● Task prompt
When you return the data, keep every word exact and include none of the images.

● Dataset records
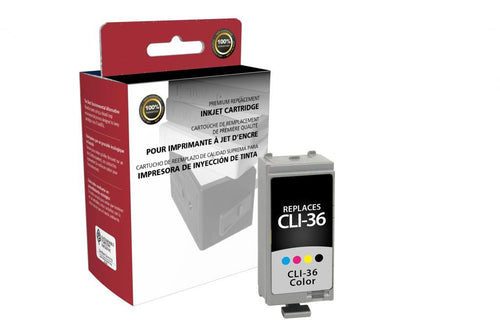 Color Ink Cartridge for Canon CLI-36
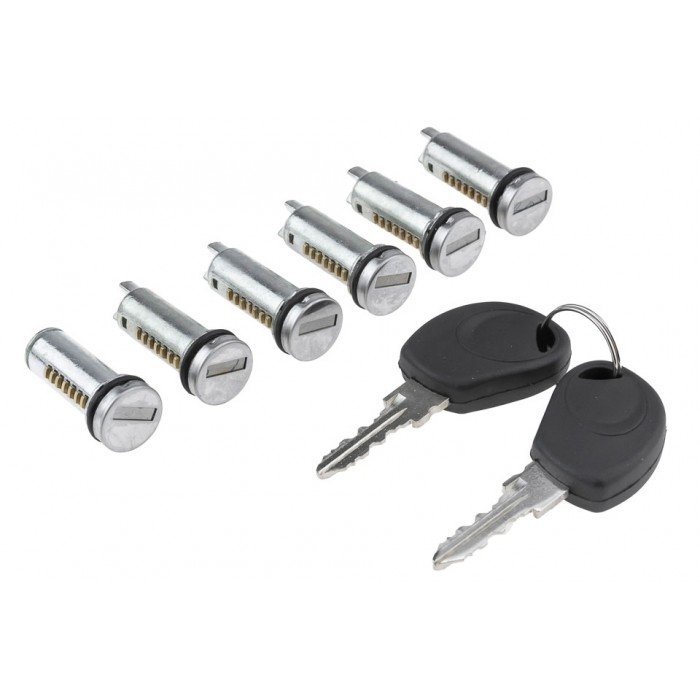 Barillet Serrure de Portes Pour Iveco Daily III 2991728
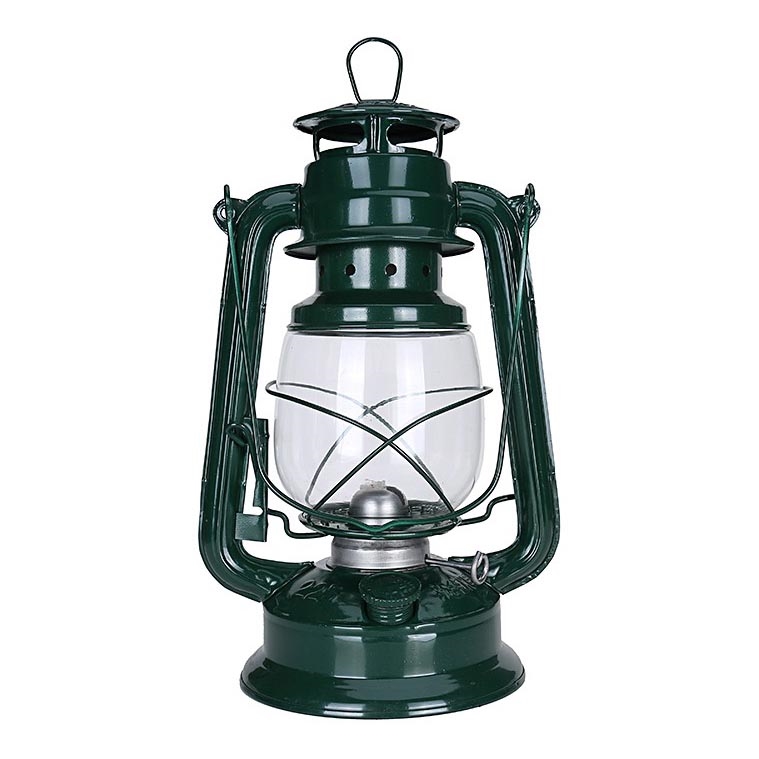 Brilagi - Petrolejska lampa LANTERN 28 cm zelena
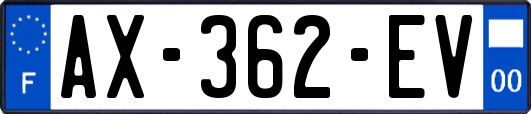 AX-362-EV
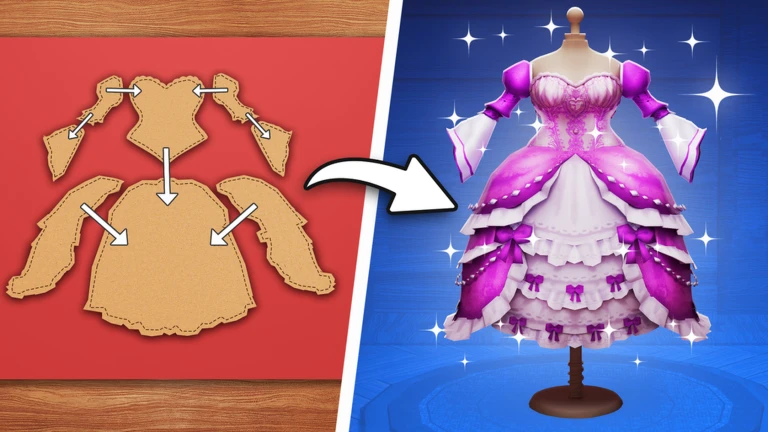 Dressmaker's Dream on Roblox, screenshot 3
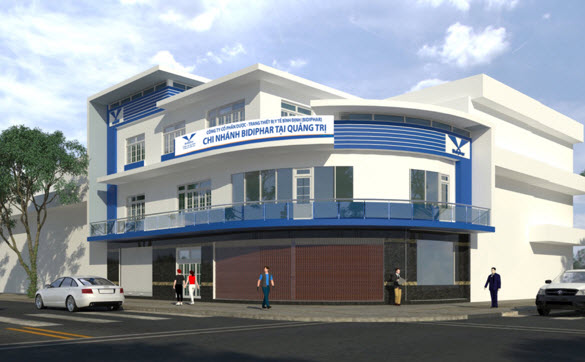 Chi nhánh Bidiphar tại Quảng Trị khánh thành trụ sở mới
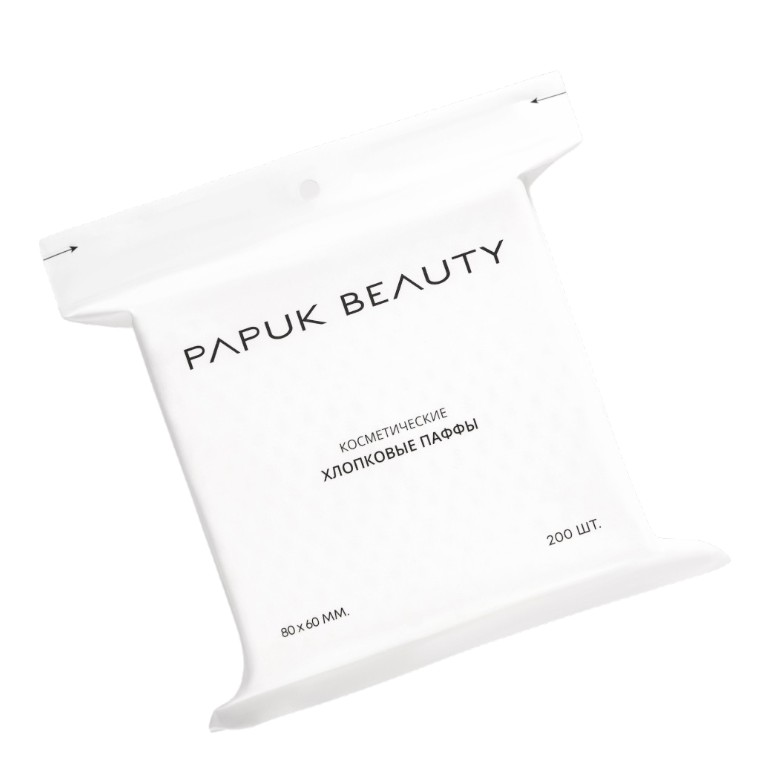 Паффы хлопковые косметические Organic Cotton Pads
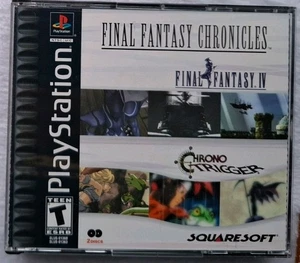 Sony Playstation 1 Spiel : Final Fantasy Chronicles - NTSC-U/C USA / PS1 PSX OVP - Bild 1 von 5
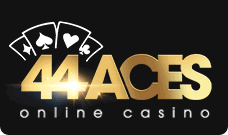 44 Aces logo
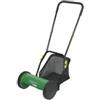 Ribimex Tasaerba manuale elicoidale ribimex razerb taglio 30cm con cesto di raccolta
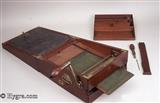 Antique Rare small traveling Watt's patent copying machine circa 1790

● Task output
 Color Ink Cartridge for Canon CLI-36
 Barillet Serrure de Portes Pour Iveco Daily III 2991728
 Brilagi - Petrolejska lampa LANTERN 28 cm zelena
 AX-362-EV
 Dressmaker's Dream on Roblox, screenshot 3
 Chi nhánh Bidiphar tại Quảng Trị khánh thành trụ sở mới
 Паффы хлопковые косметические Organic Cotton Pads
 Sony Playstation 1 Spiel : Final Fantasy Chronicles - NTSC-U/C USA / PS1 PSX OVP - Bild 1 von 5
 44 Aces logo
 Ribimex Tasaerba manuale elicoidale ribimex razerb taglio 30cm con cesto di raccolta
 Antique Rare small traveling Watt's patent copying machine circa 1790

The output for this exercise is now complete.